[[ Records to use open ]]

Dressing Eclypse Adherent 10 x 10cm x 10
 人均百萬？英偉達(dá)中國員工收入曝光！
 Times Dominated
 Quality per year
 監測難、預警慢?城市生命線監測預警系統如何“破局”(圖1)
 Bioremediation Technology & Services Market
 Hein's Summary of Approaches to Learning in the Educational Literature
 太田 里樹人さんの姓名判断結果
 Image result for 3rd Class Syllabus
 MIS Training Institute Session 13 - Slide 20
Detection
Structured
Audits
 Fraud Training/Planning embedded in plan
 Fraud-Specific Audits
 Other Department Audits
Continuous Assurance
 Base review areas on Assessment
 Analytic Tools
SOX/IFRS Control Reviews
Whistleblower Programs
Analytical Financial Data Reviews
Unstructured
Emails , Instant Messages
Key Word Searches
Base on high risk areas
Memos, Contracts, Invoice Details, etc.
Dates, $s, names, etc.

[[ Records to use closed ]]

» **Work order**
Look through the data above for lines holding the word "Reviews". State how many there are and nothing else.

» **Response to this task**
2